(Scraped caption text data)
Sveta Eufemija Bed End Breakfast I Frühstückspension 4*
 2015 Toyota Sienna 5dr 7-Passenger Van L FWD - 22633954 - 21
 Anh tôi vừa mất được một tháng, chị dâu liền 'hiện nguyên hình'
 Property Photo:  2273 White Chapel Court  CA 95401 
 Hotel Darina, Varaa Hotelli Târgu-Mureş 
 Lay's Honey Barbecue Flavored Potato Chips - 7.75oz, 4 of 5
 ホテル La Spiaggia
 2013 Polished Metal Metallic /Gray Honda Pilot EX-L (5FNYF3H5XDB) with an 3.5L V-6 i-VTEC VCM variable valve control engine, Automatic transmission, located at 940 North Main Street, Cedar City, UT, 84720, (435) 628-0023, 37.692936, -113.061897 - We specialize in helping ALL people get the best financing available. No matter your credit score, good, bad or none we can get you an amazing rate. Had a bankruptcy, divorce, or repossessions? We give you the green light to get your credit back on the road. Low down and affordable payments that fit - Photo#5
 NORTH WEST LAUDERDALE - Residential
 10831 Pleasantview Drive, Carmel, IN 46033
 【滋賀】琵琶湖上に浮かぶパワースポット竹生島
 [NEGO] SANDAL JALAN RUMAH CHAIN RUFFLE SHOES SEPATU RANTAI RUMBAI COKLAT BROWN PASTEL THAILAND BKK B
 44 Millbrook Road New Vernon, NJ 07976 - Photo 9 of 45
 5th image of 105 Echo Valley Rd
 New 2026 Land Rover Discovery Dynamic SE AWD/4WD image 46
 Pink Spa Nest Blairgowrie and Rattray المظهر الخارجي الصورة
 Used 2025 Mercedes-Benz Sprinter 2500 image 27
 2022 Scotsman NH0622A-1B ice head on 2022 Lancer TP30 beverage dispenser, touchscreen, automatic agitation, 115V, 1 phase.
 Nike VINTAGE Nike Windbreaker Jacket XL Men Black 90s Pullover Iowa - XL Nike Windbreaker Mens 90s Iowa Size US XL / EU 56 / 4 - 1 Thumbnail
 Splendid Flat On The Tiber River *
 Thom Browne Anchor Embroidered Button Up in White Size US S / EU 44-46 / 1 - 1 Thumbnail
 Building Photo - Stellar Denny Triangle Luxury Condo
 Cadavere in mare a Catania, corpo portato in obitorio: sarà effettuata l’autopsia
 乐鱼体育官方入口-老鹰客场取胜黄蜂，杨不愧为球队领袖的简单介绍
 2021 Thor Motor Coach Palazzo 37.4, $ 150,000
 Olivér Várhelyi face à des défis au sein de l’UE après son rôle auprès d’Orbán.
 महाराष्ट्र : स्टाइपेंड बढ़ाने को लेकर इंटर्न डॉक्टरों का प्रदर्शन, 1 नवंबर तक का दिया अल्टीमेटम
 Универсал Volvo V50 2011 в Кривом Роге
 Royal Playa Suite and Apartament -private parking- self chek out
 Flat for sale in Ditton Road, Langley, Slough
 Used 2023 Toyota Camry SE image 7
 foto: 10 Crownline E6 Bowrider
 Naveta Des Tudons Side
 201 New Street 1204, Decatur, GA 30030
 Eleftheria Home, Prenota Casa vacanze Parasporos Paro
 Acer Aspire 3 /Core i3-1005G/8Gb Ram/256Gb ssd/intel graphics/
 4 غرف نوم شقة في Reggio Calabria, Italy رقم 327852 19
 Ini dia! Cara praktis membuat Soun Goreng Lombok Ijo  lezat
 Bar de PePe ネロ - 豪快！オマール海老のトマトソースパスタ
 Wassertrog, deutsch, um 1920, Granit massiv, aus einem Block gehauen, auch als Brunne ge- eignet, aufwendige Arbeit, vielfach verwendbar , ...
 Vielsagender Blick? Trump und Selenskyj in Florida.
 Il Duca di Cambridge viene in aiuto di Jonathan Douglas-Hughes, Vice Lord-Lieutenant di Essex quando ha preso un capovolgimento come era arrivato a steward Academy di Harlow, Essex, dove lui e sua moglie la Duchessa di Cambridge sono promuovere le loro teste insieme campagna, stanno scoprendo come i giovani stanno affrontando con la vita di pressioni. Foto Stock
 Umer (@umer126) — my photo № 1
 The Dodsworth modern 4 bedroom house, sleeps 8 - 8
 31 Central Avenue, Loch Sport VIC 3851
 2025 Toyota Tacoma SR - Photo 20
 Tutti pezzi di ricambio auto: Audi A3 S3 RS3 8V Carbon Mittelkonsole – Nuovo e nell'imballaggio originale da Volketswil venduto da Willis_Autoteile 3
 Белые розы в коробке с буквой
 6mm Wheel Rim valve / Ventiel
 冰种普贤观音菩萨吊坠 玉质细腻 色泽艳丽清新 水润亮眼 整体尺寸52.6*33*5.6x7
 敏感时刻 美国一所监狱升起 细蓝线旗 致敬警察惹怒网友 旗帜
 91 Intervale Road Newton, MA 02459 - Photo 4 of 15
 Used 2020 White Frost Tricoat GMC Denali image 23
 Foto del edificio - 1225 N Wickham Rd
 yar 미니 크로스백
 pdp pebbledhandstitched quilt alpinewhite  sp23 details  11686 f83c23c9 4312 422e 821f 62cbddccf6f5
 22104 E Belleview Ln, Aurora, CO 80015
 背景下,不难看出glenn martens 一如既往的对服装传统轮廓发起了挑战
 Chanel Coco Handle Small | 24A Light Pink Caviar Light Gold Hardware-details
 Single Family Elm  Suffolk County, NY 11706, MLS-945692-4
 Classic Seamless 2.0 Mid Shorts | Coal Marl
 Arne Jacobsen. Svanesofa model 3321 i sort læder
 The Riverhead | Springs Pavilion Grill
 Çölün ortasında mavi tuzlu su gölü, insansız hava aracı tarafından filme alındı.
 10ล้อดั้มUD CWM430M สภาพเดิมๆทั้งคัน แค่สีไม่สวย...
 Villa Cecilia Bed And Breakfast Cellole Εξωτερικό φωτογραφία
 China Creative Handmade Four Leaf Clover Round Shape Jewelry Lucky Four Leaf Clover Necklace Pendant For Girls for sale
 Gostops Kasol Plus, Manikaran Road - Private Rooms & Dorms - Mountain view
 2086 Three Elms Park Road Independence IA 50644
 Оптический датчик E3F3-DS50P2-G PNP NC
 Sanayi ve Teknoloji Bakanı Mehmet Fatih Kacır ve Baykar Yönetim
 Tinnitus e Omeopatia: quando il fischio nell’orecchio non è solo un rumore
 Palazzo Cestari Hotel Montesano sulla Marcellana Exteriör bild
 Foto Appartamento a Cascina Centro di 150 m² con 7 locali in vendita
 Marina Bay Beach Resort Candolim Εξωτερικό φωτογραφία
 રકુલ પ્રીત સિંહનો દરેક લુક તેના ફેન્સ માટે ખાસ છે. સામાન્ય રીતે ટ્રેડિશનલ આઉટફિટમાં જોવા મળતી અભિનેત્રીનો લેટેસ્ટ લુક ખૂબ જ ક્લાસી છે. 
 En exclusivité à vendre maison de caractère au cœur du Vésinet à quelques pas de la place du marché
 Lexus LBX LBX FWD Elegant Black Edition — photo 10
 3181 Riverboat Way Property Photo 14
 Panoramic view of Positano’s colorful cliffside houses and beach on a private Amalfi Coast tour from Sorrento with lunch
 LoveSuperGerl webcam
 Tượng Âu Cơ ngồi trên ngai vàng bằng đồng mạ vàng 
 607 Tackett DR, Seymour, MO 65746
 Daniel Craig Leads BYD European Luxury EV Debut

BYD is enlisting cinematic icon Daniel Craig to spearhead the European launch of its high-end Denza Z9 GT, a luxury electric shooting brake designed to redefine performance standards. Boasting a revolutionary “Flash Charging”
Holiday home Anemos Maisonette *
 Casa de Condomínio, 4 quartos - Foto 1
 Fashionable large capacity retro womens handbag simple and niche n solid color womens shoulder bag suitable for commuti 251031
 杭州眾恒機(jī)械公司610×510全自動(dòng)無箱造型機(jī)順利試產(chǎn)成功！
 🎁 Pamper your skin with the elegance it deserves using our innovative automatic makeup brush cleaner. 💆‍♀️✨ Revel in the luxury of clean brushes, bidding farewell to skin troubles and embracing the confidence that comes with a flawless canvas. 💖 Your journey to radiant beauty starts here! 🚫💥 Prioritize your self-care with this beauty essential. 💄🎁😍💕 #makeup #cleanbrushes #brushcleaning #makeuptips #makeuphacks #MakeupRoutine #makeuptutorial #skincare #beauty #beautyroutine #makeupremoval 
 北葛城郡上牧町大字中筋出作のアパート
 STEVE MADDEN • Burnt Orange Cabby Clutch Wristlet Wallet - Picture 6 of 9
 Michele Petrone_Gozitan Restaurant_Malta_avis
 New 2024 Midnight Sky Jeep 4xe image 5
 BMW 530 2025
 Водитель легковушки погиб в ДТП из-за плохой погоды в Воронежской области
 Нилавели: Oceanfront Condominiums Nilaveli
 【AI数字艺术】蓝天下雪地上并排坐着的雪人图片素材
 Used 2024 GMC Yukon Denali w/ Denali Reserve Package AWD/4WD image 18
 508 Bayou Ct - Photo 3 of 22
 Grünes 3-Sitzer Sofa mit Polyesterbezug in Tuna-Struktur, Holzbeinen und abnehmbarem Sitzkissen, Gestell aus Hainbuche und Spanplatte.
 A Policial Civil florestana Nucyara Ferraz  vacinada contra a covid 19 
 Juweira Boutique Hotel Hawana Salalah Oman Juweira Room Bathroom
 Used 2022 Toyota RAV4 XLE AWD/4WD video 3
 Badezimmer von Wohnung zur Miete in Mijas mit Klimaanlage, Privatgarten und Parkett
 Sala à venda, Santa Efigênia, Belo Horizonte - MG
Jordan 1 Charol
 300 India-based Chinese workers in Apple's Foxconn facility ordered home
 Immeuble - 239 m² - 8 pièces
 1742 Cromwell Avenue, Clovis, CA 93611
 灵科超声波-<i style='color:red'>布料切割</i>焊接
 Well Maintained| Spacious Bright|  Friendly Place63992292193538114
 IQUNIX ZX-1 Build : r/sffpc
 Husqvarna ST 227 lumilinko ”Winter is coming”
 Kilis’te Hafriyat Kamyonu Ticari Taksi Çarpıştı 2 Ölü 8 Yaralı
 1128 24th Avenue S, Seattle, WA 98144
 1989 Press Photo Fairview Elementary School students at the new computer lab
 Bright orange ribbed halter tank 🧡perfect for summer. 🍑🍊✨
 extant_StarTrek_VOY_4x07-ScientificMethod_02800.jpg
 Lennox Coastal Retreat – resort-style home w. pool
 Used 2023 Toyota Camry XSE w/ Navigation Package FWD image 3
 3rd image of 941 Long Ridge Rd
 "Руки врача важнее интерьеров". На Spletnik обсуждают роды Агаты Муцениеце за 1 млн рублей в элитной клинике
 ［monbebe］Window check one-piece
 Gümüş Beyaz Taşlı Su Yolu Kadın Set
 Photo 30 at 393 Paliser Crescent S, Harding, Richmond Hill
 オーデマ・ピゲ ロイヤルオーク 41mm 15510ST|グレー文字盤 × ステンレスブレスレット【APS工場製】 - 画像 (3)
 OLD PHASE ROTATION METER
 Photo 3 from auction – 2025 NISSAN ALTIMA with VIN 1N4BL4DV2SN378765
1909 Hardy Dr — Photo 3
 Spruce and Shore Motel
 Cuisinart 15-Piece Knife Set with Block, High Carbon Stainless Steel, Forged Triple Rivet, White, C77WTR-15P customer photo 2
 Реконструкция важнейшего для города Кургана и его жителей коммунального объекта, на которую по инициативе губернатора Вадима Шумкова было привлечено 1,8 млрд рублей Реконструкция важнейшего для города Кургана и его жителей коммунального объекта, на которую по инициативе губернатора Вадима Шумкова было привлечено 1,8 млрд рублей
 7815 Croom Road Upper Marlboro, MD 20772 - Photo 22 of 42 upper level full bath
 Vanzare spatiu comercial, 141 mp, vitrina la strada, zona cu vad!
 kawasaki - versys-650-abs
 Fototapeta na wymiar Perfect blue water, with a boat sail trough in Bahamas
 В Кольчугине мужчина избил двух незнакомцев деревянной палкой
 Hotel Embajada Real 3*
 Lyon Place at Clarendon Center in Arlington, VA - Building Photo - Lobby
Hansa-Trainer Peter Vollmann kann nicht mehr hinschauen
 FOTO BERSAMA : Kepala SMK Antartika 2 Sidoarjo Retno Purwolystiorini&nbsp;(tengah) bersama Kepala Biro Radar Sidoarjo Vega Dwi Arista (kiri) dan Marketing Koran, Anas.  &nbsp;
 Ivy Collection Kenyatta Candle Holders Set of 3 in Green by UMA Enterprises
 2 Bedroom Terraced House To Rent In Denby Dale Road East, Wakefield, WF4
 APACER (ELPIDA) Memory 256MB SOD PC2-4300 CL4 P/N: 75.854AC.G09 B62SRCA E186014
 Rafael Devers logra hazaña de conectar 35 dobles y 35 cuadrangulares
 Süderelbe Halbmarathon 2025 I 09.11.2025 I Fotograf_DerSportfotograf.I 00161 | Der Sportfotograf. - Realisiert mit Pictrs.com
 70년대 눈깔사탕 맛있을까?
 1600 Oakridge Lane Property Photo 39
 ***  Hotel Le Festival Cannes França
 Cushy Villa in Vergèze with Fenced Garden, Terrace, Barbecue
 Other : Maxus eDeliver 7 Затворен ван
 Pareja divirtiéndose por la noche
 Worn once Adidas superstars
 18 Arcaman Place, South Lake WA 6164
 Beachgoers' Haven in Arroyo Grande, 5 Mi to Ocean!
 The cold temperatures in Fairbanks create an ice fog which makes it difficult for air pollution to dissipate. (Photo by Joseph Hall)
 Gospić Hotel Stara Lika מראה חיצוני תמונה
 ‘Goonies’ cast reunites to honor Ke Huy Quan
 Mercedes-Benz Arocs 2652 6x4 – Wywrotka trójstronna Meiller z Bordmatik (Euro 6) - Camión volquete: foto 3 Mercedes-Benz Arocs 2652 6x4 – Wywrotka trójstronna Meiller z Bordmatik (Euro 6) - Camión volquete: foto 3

ACTIVITY
Find "北葛城郡上牧町大字中筋出作のアパート" in the entries above and copy that whole line exactly, then each line after it through the line that contains "в элитной клинике".

ANSWER
 北葛城郡上牧町大字中筋出作のアパート
 STEVE MADDEN • Burnt Orange Cabby Clutch Wristlet Wallet - Picture 6 of 9
 Michele Petrone_Gozitan Restaurant_Malta_avis
 New 2024 Midnight Sky Jeep 4xe image 5
 BMW 530 2025
 Водитель легковушки погиб в ДТП из-за плохой погоды в Воронежской области
 Нилавели: Oceanfront Condominiums Nilaveli
 【AI数字艺术】蓝天下雪地上并排坐着的雪人图片素材
 Used 2024 GMC Yukon Denali w/ Denali Reserve Package AWD/4WD image 18
 508 Bayou Ct - Photo 3 of 22
 Grünes 3-Sitzer Sofa mit Polyesterbezug in Tuna-Struktur, Holzbeinen und abnehmbarem Sitzkissen, Gestell aus Hainbuche und Spanplatte.
 A Policial Civil florestana Nucyara Ferraz  vacinada contra a covid 19 
 Juweira Boutique Hotel Hawana Salalah Oman Juweira Room Bathroom
 Used 2022 Toyota RAV4 XLE AWD/4WD video 3
 Badezimmer von Wohnung zur Miete in Mijas mit Klimaanlage, Privatgarten und Parkett
 Sala à venda, Santa Efigênia, Belo Horizonte - MG
Jordan 1 Charol
 300 India-based Chinese workers in Apple's Foxconn facility ordered home
 Immeuble - 239 m² - 8 pièces
 1742 Cromwell Avenue, Clovis, CA 93611
 灵科超声波-<i style='color:red'>布料切割</i>焊接
 Well Maintained| Spacious Bright|  Friendly Place63992292193538114
 IQUNIX ZX-1 Build : r/sffpc
 Husqvarna ST 227 lumilinko ”Winter is coming”
 Kilis’te Hafriyat Kamyonu Ticari Taksi Çarpıştı 2 Ölü 8 Yaralı
 1128 24th Avenue S, Seattle, WA 98144
 1989 Press Photo Fairview Elementary School students at the new computer lab
 Bright orange ribbed halter tank 🧡perfect for summer. 🍑🍊✨
 extant_StarTrek_VOY_4x07-ScientificMethod_02800.jpg
 Lennox Coastal Retreat – resort-style home w. pool
 Used 2023 Toyota Camry XSE w/ Navigation Package FWD image 3
 3rd image of 941 Long Ridge Rd
 "Руки врача важнее интерьеров". На Spletnik обсуждают роды Агаты Муцениеце за 1 млн рублей в элитной клинике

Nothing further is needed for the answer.